- [Exercise requirements]: Exact reproduction of all the data is required, with pictures excluded.

- [Data provided]:
○ ○ ○ ○ ○ ○ ○
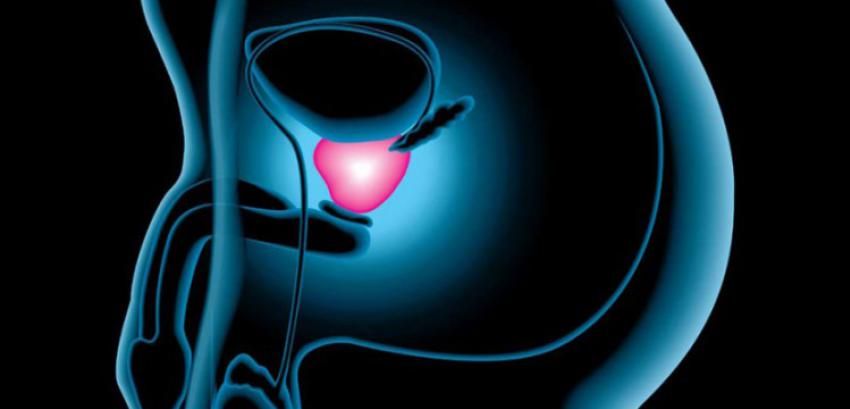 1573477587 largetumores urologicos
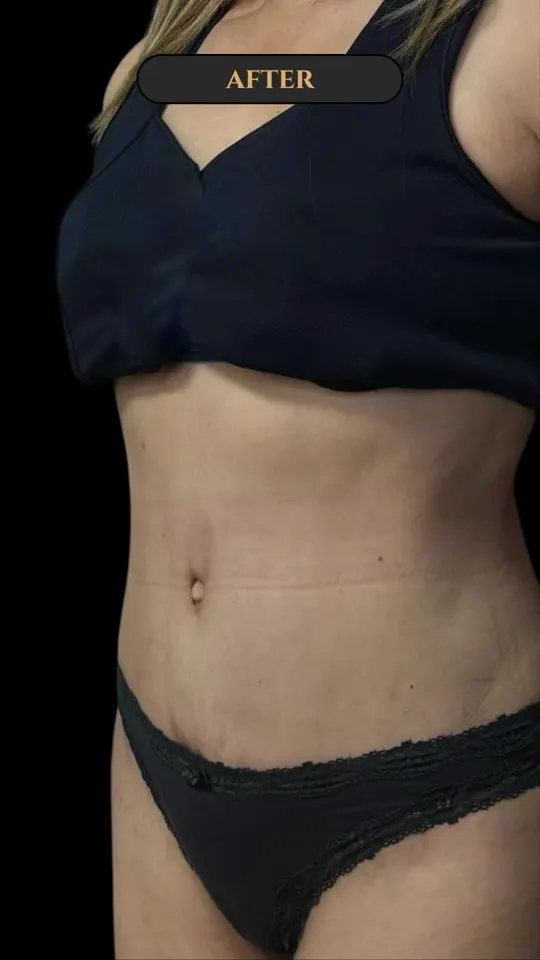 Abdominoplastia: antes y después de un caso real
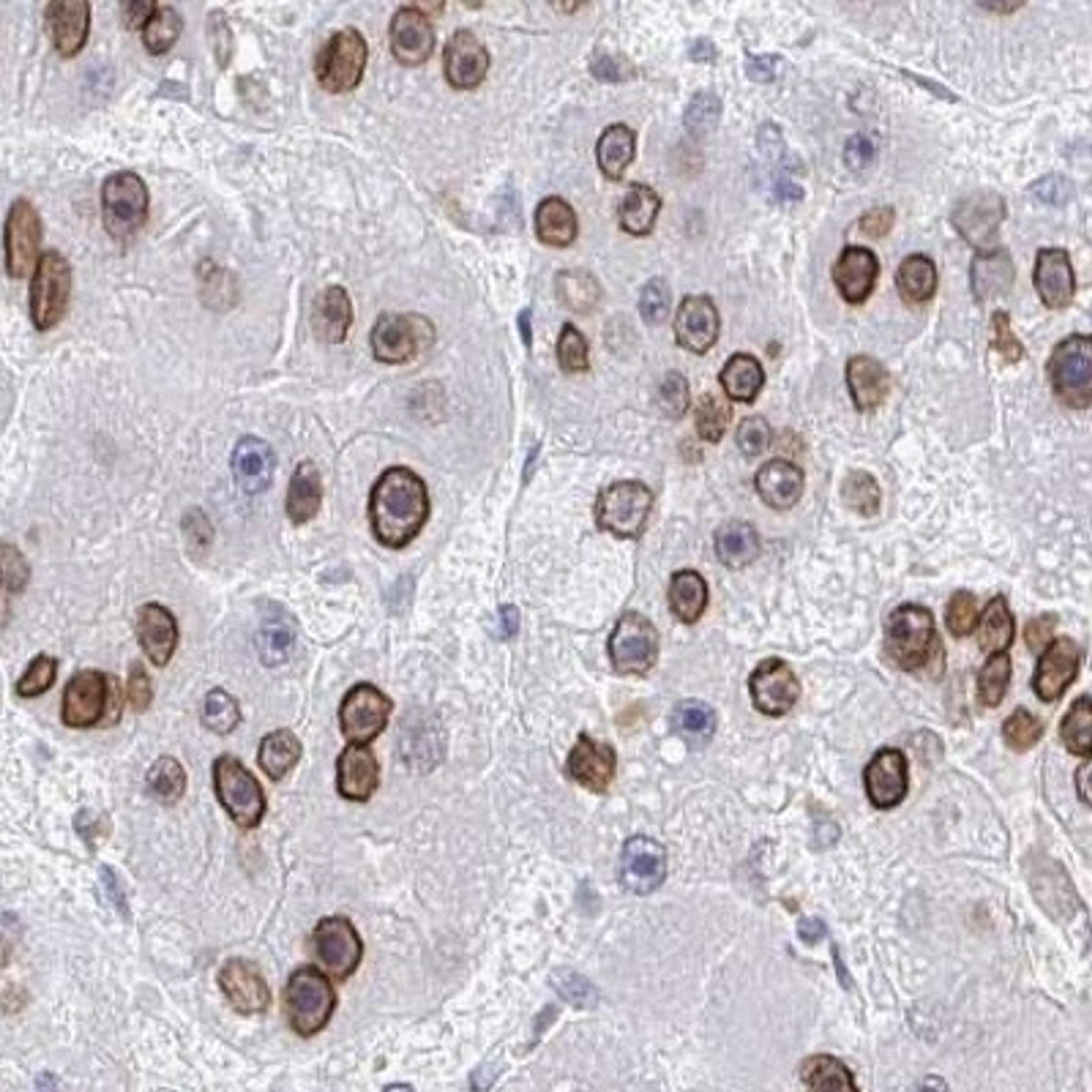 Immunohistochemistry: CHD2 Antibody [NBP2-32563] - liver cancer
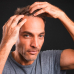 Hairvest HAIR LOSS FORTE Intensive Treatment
○ ○ ○ ○ ○ ○ ○
- [Result]:
 1573477587 largetumores urologicos
 Abdominoplastia: antes y después de un caso real
 Immunohistochemistry: CHD2 Antibody [NBP2-32563] - liver cancer
 Hairvest HAIR LOSS FORTE Intensive Treatment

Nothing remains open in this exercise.